コンビニからはじまる最後の恋
Story 3
私が任されているプロジェクトは、フルモデルチェンジされる人気SUV車のCM制作だ。
長年愛されてきた人気車種で、フルモデルチェンジのリリース後、SNSでもトレンドにあがるほど注目度が高い。

結川さんはそのCM制作のディレクターを務めてくれるクリエイター。
調べてみると、アワード大賞を何度も受賞していて、映像制作業界で注目の若手クリエイターだった。

「──以上5本が、今回のCMパターンとなります」

制作会議。

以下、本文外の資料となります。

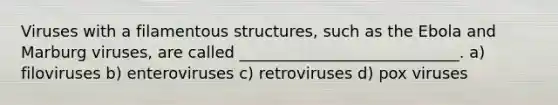 Viruses with a filamentous structures, such as the Ebola and Marburg viruses, are called ____________________________. a) filoviruses b) enteroviruses c) retroviruses d) pox viruses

結川さんがCMの絵コンテについて説明した。
同席しているのは企画推進部と営業部の部長、広報担当と私、そして結川さん。

結川さんの説明に、年配の部長2人が難色を示す。

「うーん、悪くないんだけどどうもなあ……。営業さん、どうですか?」
「車種の魅力は全面的に表現されていていいですね。でも……もっと購買意欲をそそるようなCMがほしい」

(えっ、ちょっと待って!)

部長2人の感想に慌てて手を挙げる。

「すみません、『車の魅力を全面に出してほしい』というお2人のご希望で提案していただいております」
「もちろんその通りで、我々の要望通りだから、そこは及第点なんだけどね」

我が社がオーダーした通りに提案してくれたにも拘わらず、言うだけ楽々な部長たちの発言に冷や汗がでる。
クリエイターがアイデアを形にするまでどれだけ時間を費やしたか!
それを思うと、申し訳なさが込み上げてくる。

「かしこまりました」

それまで何か思案していた結川さんが、静かに口を開く。